What the task requires: Drop every picture and copy exactly the lines from the one with "Рисунок современного дома легкий" through the last line of the listing below.

Provided data:
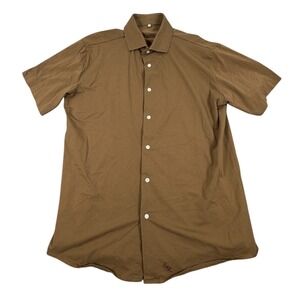 State and Liberty "The Lincoln" Olive Short Sleeve Button Down Ahtletic Fit 2XL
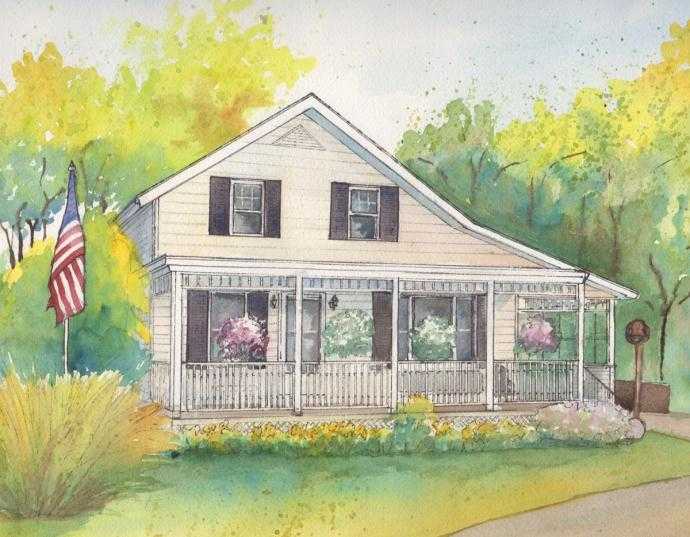 Рисунок современного дома легкий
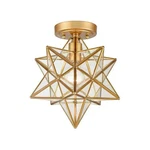 Danseer Brass Moravian Star Light Flush Mount Ceiling With Clear Glass. Fixed Price $142.56.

Solution to this exercise:
 Рисунок современного дома легкий
 Danseer Brass Moravian Star Light Flush Mount Ceiling With Clear Glass. Fixed Price $142.56.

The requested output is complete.